**What the task asks**
Your job is to give again, exactly and with no additions, the lines in the records below from the one with "ガラスの浮き玉です。サイズは約90㍉×90㍉で、ワインレッドカラー" through the one with "Yas Plaza Circuit By Ihg-2", both included. Omit the pictures.

(Pictures with short captions)
____________________

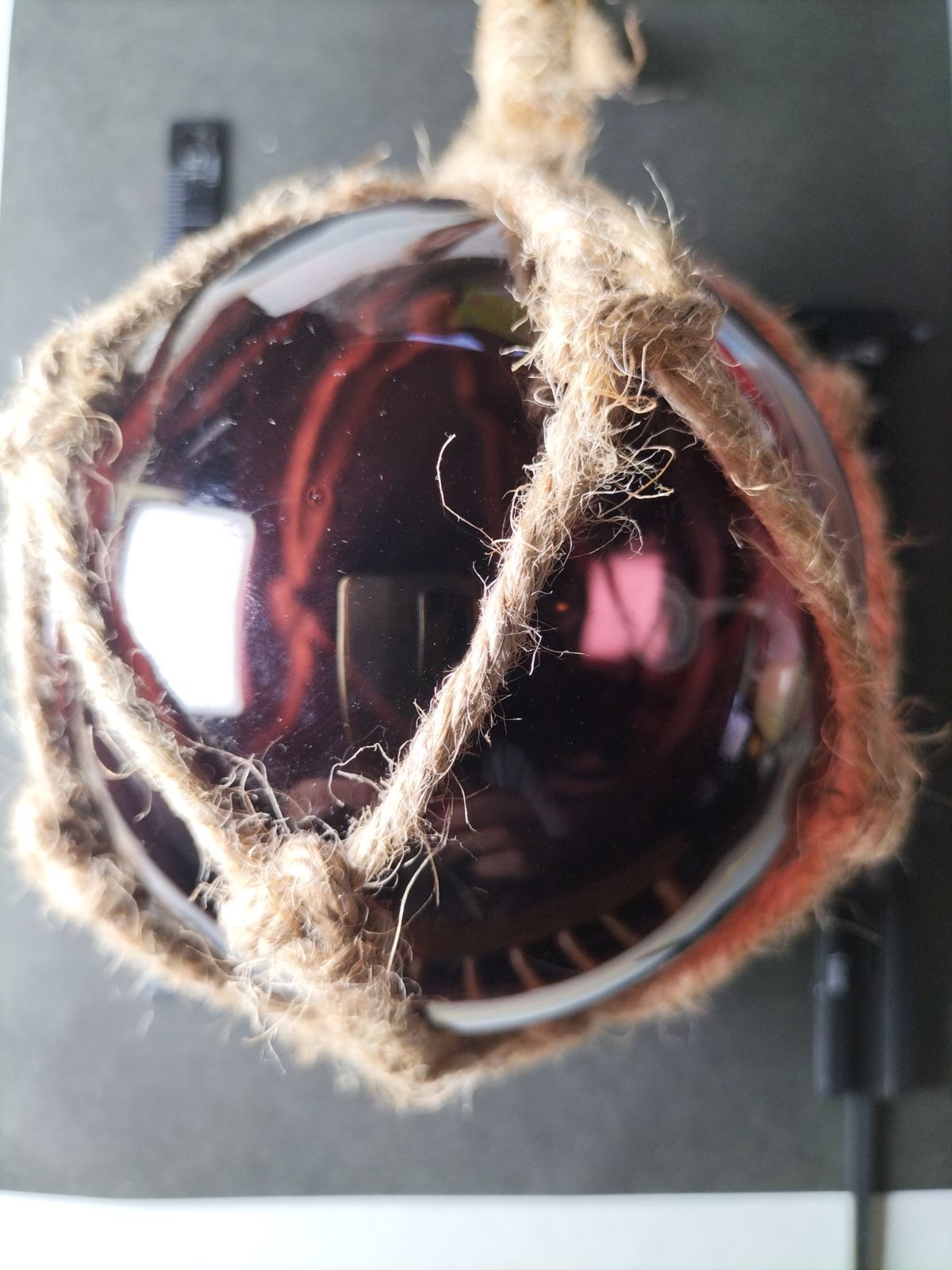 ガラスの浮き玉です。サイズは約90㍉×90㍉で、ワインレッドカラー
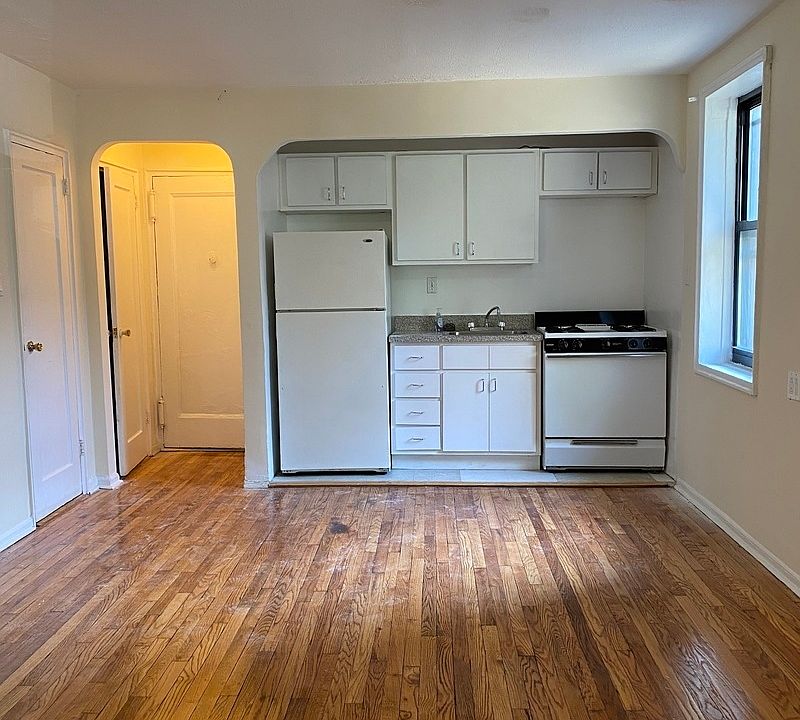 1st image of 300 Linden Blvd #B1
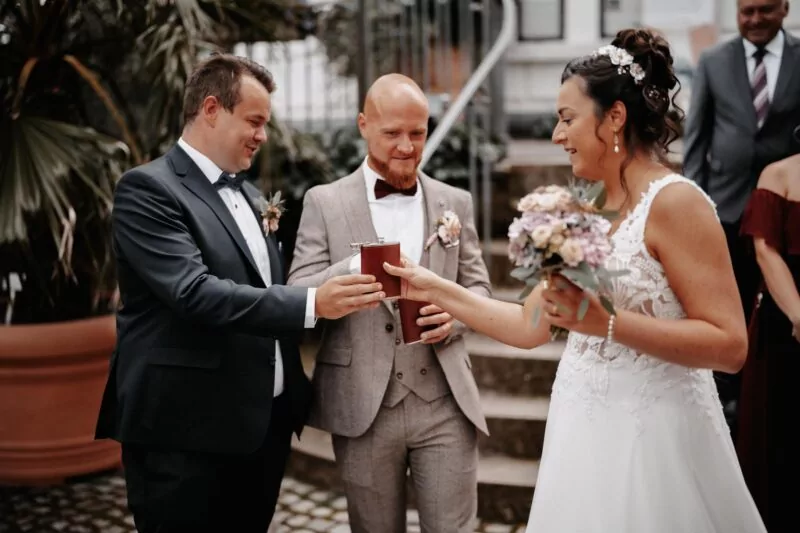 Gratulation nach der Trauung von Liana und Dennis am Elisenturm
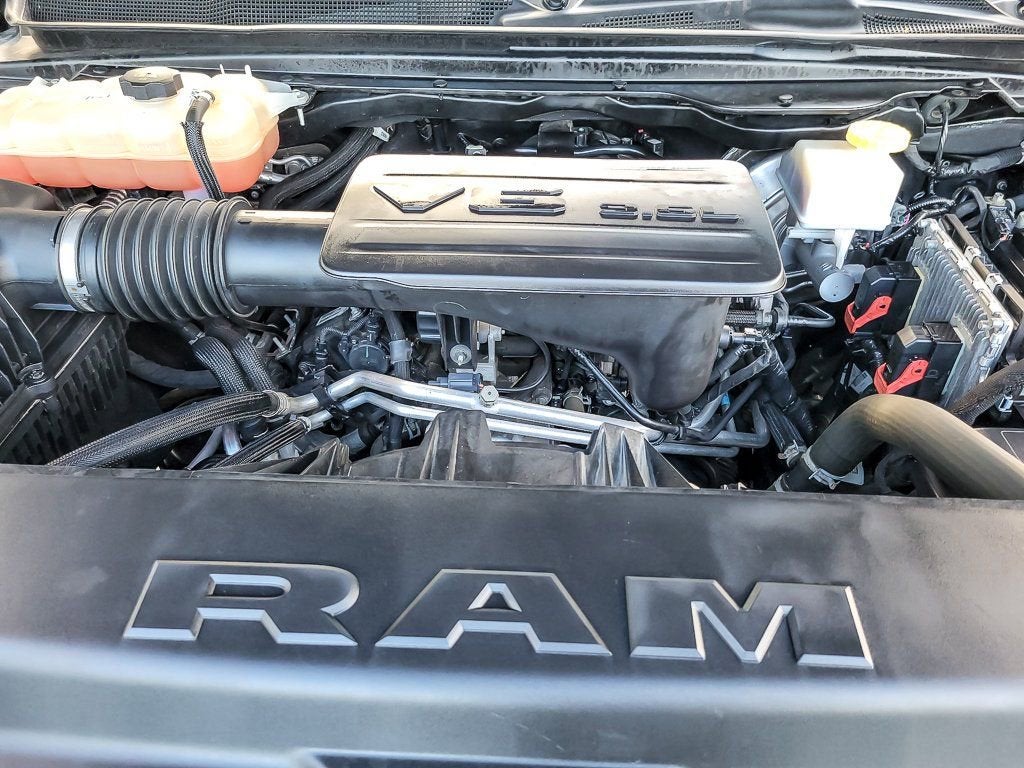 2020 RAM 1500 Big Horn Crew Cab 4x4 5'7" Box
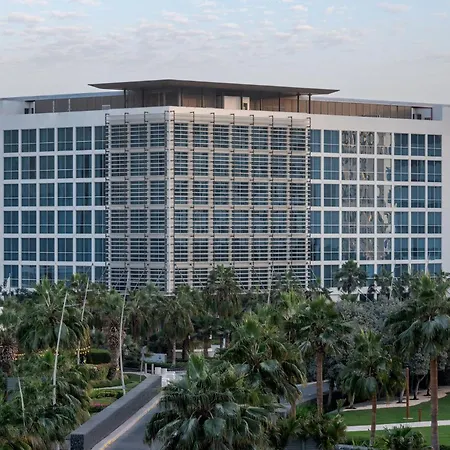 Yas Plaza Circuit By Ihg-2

____________________

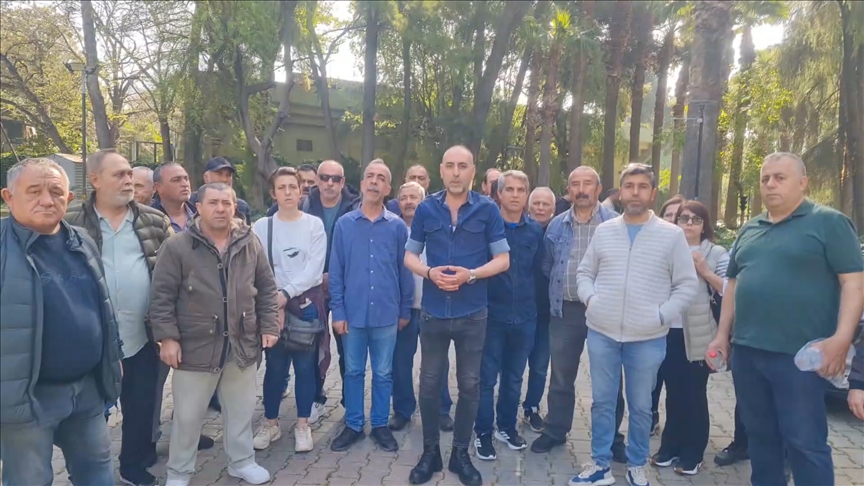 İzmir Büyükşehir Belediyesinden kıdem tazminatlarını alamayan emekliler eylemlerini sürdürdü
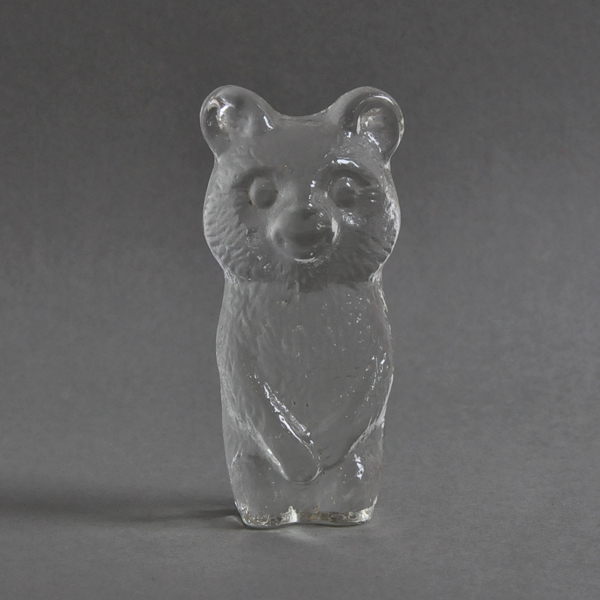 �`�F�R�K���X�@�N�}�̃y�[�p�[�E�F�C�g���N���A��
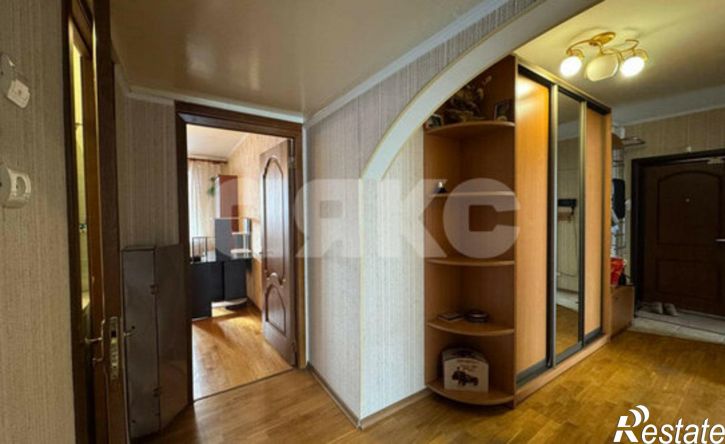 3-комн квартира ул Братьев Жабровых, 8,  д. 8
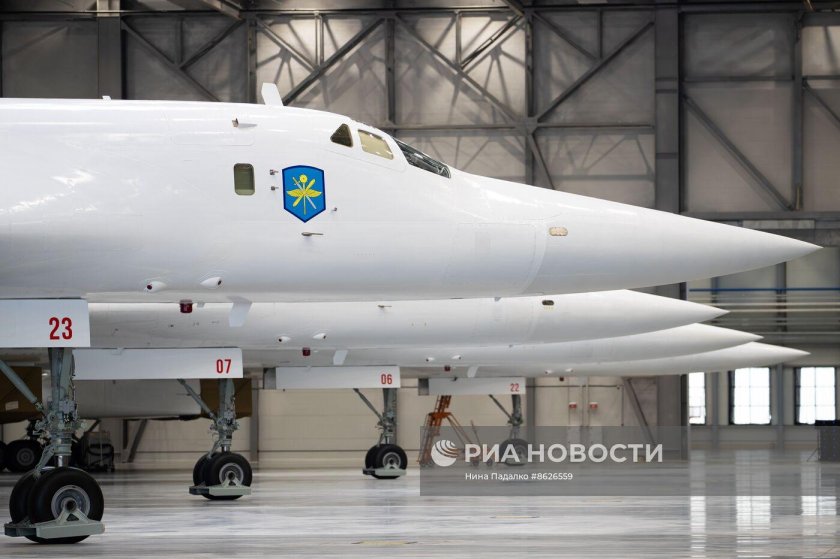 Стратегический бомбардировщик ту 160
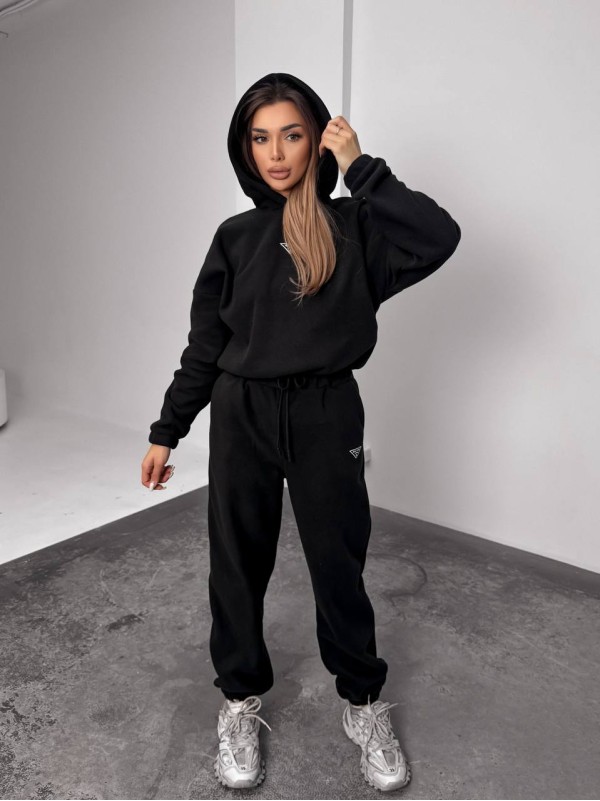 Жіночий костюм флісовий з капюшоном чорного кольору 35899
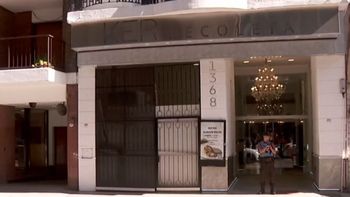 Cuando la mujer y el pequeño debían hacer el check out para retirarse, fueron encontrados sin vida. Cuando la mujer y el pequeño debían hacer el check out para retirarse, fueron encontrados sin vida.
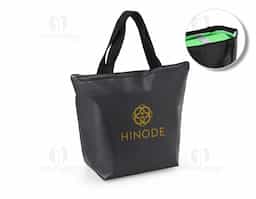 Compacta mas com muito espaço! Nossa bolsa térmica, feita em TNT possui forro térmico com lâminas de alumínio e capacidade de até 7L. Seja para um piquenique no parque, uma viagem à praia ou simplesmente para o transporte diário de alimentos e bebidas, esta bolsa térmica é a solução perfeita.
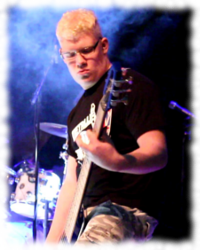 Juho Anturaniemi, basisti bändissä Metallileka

____________________

**Response to the task**
 ガラスの浮き玉です。サイズは約90㍉×90㍉で、ワインレッドカラー
 1st image of 300 Linden Blvd #B1
 Gratulation nach der Trauung von Liana und Dennis am Elisenturm
 2020 RAM 1500 Big Horn Crew Cab 4x4 5'7" Box
 Yas Plaza Circuit By Ihg-2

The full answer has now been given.